EXERCISE REQUIREMENTS
Only the lines from the first line of the material below to the line containing "This is a set", inclusive, should be copied, each exactly as written.

__________

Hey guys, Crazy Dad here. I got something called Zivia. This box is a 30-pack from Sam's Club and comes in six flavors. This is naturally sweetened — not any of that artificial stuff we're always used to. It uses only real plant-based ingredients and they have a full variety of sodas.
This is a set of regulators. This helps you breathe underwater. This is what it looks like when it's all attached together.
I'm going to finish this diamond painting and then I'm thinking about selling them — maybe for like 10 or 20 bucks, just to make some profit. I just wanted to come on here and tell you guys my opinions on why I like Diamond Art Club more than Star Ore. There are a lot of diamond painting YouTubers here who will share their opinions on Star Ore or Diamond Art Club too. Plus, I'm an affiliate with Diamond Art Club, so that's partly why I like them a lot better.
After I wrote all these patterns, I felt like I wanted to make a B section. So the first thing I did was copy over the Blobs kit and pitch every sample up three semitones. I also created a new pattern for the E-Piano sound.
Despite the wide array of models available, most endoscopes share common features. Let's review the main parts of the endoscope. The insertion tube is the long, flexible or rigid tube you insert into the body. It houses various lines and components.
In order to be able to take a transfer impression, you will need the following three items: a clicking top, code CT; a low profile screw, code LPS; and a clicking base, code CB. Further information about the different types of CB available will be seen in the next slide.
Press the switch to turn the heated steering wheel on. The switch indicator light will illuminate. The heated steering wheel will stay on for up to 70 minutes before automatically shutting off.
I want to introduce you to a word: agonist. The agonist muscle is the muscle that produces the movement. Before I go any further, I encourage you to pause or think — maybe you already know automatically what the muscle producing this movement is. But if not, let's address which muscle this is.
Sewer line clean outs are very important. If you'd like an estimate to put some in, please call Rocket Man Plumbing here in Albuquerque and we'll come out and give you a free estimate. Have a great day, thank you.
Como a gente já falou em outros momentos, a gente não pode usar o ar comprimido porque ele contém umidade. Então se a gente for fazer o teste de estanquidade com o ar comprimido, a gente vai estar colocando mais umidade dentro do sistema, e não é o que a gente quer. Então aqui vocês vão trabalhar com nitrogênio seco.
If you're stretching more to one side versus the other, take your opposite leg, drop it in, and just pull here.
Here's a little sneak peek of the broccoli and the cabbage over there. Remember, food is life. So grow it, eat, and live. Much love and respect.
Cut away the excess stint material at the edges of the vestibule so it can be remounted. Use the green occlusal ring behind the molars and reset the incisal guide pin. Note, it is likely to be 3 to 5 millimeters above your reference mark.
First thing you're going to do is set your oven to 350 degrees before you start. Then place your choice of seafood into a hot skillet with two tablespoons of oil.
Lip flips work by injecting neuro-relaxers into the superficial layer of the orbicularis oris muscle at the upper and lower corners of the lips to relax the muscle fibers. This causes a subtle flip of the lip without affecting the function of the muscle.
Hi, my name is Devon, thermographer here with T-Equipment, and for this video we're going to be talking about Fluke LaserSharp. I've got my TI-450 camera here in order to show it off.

__________

TASK SOLUTION
Hey guys, Crazy Dad here. I got something called Zivia. This box is a 30-pack from Sam's Club and comes in six flavors. This is naturally sweetened — not any of that artificial stuff we're always used to. It uses only real plant-based ingredients and they have a full variety of sodas.
This is a set of regulators. This helps you breathe underwater. This is what it looks like when it's all attached together.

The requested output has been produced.